On January 26, 1995, Debtor commenced the underlying case by filing a voluntary petition for relief under Chapter 7 of the Bankruptcy Code.
According to her schedules filed in the bankruptcy case, Debtor claimed her homestead property as exempt from the bankruptcy estate, and scheduled IRS as the holder of a claim secured by its tax lien.
On May 1, 1995, while the Chapter 7 case was pending and prior to the entry of an order of discharge, IRS offset Debtor’s 1994 federal income tax refund, in the amount of $1,772.00, against her outstanding income tax liability for 1984. On May 2, 1995, Debtor was granted a discharge pursuant to § 727.
On July 7, 1995, after having determined that the automatic stay imposed under § 362(a)(7) was in effect at the time it exercised its right to offset,
IRS filed its motion requesting that it be granted relief from the automatic stay, retroactively, in order to permit the offset of Debtor’s 1994 tax refund against Debtor’s 1984 tax liability.
In April, 1997, IRS offset Debtor’s 1995 federal income tax refund, in the amount of $1,421, against her 1984 tax debt.
THE AMENDED COMPLAINT
On June 2, 1995, Debtor commenced the instant adversary proceeding. In her complaint, as amended November 6, 1996, Debt- or initially seeks an order of this Court authorizing her to amend her tax returns for 1994 and 1985, and determining her individual tax liability for those years pursuant to § 505(a).

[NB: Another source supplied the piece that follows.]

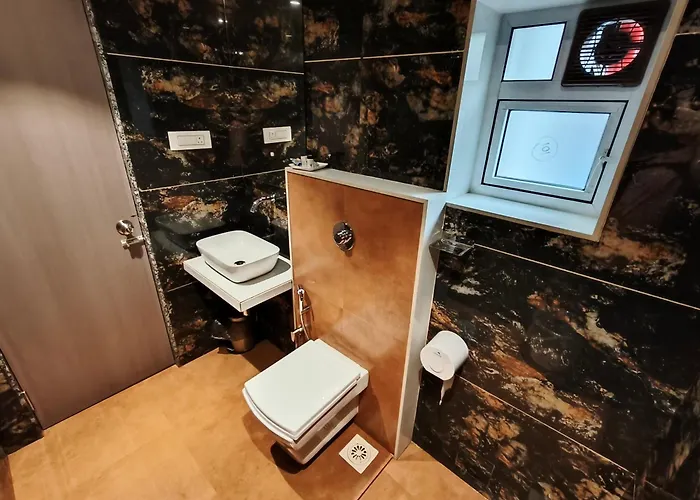 Hotel Pearl Residency Thane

In a second cause of action, Debtor seeks to avoid, pursuant to § 552(h), the federal tax lien filed November 11, 1994, encumbering her homestead.
Finally, in a third cause of action, Debtor alleges that IRS wrongfully violated the automatic stay when it exercised its offsets, and thus requests judgment for an award of actual and punitive damages for the wrongful taking of her tax refunds by IRS, and for an award of costs and reasonable attorney fees.
On December 10, 1996, IRS filed an answer to Debtor’s amended complaint, and on April 18, 1997, it filed its motion for partial summary judgment with respect to Debtor’s second and third causes of action noted above.
On May 5, 1997, Debtor filed a response to the IRS motion, combined with her cross-motion for partial summary judgment.
THE CONTENTIONS
In its motion for partial summary judgment, IRS argues that because § 522(c)(2)(B) prohibits the avoidance of properly filed tax liens on exempt property, Debtor may not avoid its tax lien on her homestead.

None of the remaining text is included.